Assistant Fire Chief Bethany Brunsell said she thinks the loud concerns from homeowners factored into the decision to move away from residential sites.

“There was definitely a very organized and vocal engagement from homeowners, who contacted the city council, which is great to see so much engagement from the community in this process,” Brunsell said. “The city council, and certainly we as a fire department, heard those voices and wanted to respect those opinions.”

If the city had gone with residential options, it could have used eminent domain to purchase homes or other property if unable to find willing sellers at a prime location.

The Golden Valley Fire Department has been looking to consolidate two outlying fire stations into one to serve the eastern side of the city, with enough space for modern equipment and room for firefighters to stay during overnight shifts.

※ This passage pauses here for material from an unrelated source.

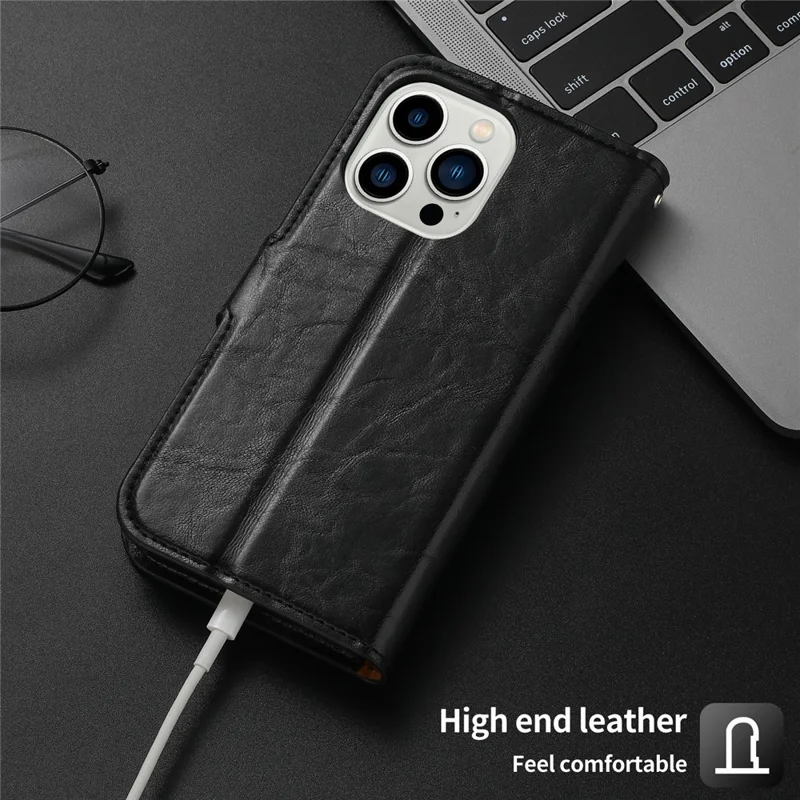 Crazy Horse Texture Wallet Stand Leather Case for iPhone 15 Detachable 2-in-1 Magnetic Absorption Phone Cover - Black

None of the current three fire stations have bunk rooms, and there are other challenges with the current stations, such as having to back the fire trucks every time they return.

The city council has now narrowed its search to four possible sites, which include:

  • Spring Gate Shopping Center at 5621 Duluth St. and 1875 Lilac Dr. N (Feist Automotive gas station).
  • Basset Creek office and medical buildings at 5801 and 5851 Duluth St.
  • Minnesota Department of Transportation’s west metro headquarters at 2055 Lilac Dr. N.
  • The eastern baseball field at Schaper Park, at 631 Ottawa Ave.

The department is hoping to break ground in 2025, Brunsell said. The department is also hoping to secure $17 million for the project in a state bonding bill. Of that amount, $4 million is allocated for land acquisition, which could turn out to be more depending on the site, the assistant chief noted.

In the meantime, other homeowners say they are glad the city’s leadership decided to move away from the residential building options.

“My household and our neighborhood are very relieved that the council and the mayor gave the clear direction that residential sites would no longer be considered for the fire station project,” Golden Valley resident Amanda Buhman said. “It’s been a stressful couple of months, but we made it.”